Subjects were comprised of three groups; 453 health checkup examinees from Yakumo town inhabitants in Hokkaido, Japan (YTI, 153 males and 300 females), 449 health checkup examinees (ENUH, 273 males and 176 females), and 255 female patients of an infertility clinic (PIC), Nagoya University Hospital. Twenty participants with hsCRP more than 1 mg/dl were excluded from the analysis. Those with hsCRP more than 0.1mg/dl were defined as high hsCRP individuals. H. pylori infection status was examined with a serum IgG antibody test.

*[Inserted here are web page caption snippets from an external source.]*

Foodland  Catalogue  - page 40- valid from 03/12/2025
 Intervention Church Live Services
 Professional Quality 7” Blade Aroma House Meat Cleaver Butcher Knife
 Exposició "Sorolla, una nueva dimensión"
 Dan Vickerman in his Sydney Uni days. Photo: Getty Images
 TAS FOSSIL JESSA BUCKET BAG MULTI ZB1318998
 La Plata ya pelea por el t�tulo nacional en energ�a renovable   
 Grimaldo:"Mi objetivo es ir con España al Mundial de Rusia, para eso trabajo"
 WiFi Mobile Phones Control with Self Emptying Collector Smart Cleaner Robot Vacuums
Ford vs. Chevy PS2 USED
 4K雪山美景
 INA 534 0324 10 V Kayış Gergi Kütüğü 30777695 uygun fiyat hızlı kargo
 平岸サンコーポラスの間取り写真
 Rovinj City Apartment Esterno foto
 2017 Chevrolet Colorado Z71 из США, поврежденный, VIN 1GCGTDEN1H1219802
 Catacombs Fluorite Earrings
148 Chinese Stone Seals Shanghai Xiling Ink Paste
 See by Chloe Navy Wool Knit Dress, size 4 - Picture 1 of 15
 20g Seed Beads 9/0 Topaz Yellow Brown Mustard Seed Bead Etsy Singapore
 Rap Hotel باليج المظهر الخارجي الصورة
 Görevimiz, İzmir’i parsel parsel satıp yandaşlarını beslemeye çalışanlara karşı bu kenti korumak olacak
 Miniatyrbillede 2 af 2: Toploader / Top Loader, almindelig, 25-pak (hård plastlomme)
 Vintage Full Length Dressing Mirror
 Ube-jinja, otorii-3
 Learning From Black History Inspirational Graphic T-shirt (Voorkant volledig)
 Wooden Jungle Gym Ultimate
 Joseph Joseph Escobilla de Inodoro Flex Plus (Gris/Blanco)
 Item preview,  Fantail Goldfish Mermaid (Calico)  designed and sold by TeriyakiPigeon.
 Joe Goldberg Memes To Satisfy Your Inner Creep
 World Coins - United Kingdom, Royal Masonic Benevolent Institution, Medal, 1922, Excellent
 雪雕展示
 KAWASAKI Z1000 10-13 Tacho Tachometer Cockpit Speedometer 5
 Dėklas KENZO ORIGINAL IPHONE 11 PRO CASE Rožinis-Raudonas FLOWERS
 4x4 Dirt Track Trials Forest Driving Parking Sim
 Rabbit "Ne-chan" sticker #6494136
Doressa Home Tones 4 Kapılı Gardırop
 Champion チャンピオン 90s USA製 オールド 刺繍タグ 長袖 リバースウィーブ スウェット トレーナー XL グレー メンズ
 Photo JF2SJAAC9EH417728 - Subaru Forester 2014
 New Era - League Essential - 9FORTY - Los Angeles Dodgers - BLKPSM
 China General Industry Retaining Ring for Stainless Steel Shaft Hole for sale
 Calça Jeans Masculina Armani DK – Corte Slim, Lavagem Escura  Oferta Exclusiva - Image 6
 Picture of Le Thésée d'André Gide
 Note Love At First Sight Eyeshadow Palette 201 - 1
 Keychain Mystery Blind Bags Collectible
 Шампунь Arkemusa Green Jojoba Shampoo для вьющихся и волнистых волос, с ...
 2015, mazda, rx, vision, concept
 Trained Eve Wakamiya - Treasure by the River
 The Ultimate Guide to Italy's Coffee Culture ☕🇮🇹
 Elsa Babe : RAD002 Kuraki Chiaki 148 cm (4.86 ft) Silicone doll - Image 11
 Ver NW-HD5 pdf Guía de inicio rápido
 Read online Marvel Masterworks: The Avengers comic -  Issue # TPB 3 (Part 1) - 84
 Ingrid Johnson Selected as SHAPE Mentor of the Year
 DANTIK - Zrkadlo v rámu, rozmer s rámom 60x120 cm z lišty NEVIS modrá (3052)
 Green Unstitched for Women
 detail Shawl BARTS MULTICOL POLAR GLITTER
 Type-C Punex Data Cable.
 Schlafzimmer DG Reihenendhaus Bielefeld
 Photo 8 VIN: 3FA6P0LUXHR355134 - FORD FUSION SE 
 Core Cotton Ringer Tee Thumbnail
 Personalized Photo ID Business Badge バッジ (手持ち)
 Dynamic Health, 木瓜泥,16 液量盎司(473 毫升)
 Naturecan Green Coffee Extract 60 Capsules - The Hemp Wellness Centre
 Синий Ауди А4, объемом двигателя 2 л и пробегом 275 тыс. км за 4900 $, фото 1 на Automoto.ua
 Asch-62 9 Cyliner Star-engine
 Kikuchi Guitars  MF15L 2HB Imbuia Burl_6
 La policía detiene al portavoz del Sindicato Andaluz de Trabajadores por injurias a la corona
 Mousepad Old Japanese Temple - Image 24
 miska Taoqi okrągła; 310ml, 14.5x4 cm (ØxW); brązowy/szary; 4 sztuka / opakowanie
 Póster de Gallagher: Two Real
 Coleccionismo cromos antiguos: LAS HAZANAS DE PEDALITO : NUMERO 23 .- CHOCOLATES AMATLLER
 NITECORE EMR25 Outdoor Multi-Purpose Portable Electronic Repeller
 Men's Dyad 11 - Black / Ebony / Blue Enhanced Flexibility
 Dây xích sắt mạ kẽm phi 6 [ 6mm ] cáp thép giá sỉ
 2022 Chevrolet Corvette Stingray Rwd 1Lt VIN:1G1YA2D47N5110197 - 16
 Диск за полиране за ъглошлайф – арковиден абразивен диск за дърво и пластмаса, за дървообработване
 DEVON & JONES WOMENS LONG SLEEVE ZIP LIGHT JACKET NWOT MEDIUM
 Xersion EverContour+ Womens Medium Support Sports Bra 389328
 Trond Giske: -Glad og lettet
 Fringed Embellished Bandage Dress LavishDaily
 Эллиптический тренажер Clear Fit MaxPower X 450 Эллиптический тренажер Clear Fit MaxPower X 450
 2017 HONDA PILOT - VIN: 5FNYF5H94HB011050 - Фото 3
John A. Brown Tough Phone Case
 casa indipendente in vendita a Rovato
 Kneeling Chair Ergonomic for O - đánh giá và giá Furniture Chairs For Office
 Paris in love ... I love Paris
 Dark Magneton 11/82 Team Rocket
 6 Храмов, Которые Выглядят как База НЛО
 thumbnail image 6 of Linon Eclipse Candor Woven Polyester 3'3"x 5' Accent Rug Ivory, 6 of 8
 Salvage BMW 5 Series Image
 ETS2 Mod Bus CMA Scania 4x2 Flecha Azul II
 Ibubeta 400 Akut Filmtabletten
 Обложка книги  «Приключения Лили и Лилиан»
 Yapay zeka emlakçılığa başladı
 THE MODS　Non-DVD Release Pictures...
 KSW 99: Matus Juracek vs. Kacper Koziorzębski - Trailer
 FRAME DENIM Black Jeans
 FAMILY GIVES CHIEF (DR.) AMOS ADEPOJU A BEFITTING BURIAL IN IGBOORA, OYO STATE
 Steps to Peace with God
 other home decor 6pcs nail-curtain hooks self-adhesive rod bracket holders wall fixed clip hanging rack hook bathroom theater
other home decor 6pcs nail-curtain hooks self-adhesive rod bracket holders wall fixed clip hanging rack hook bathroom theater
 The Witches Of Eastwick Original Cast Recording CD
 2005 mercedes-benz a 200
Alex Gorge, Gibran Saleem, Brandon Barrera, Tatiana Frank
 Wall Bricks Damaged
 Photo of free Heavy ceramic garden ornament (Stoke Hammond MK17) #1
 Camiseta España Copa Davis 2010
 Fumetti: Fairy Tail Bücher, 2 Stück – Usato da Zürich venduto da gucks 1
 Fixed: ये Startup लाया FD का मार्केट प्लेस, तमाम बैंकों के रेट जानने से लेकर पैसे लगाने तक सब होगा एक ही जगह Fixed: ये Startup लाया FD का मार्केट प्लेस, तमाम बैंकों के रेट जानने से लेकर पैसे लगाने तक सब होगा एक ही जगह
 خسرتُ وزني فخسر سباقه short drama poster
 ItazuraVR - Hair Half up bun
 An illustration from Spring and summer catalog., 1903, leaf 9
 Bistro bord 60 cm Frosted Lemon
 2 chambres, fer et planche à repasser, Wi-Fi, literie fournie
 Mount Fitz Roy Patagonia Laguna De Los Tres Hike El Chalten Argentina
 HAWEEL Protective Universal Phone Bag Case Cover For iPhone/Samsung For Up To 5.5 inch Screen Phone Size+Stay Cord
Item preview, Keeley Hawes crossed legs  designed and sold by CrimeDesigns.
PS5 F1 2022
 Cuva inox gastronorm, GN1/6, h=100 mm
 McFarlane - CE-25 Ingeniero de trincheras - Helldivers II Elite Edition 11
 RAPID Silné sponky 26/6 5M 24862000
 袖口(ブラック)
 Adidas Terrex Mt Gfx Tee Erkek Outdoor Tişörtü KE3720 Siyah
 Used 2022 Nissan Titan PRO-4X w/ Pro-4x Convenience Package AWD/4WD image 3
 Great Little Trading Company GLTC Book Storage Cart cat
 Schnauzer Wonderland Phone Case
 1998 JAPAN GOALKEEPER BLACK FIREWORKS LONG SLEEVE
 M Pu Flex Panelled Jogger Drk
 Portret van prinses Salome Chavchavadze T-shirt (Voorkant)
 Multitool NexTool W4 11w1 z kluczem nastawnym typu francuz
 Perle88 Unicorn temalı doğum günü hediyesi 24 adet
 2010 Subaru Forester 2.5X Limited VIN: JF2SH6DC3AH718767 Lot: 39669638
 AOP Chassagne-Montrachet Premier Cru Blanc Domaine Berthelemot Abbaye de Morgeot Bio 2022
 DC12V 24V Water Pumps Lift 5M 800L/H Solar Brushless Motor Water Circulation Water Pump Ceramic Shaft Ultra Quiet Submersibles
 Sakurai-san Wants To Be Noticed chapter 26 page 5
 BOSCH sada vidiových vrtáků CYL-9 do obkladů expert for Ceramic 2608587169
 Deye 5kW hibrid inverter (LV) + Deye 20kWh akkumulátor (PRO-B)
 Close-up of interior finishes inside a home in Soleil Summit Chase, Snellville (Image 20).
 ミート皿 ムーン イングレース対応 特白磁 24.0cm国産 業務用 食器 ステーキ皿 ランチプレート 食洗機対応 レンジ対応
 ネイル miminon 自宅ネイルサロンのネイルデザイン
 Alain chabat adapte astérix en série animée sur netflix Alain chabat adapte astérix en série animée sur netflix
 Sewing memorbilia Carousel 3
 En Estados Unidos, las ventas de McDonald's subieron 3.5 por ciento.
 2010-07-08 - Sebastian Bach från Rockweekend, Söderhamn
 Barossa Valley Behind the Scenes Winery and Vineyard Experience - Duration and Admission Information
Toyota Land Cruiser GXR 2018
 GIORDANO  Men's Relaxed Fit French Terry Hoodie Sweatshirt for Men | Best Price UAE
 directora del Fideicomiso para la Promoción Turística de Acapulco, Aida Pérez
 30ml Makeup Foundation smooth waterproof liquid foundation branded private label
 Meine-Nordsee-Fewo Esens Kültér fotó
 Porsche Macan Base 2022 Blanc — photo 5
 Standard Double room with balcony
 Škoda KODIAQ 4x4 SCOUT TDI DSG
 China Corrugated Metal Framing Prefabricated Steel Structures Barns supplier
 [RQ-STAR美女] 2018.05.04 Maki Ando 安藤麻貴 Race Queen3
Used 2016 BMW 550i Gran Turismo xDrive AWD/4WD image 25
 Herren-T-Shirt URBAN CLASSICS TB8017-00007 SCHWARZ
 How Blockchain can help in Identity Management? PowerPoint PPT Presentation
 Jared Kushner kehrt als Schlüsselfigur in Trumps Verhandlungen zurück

When the three groups were combined, the geometric mean of hsCRP concentration was significantly higher among the seropositives (0.047 mg/dl) than among the seronegatives (0.035 mg/dl); p<0.0001 by a t-test. The percentage of high hsCRP individuals was also higher in the seropositives than in the seronegatives among any group; 23.3% and 20.1% in YTI, 22.0% and 16.0% in ENUH, and 32.7% and 18.7% in PIC, respectively, although the difference was significant only in ENUH. The summary odds ratio of the high hsCRP for the seropositives relative to the seronegatives was 1.38 (95% confidence interval, 1.01-1.89), when age, sex, body mass index, smoking, and subject group were adjusted by a logistic model.
In three groups, hsCRP was higher among the infected individuals. The summary odd ratio indicated that H. pylori infection could influence the serum hsCRP level.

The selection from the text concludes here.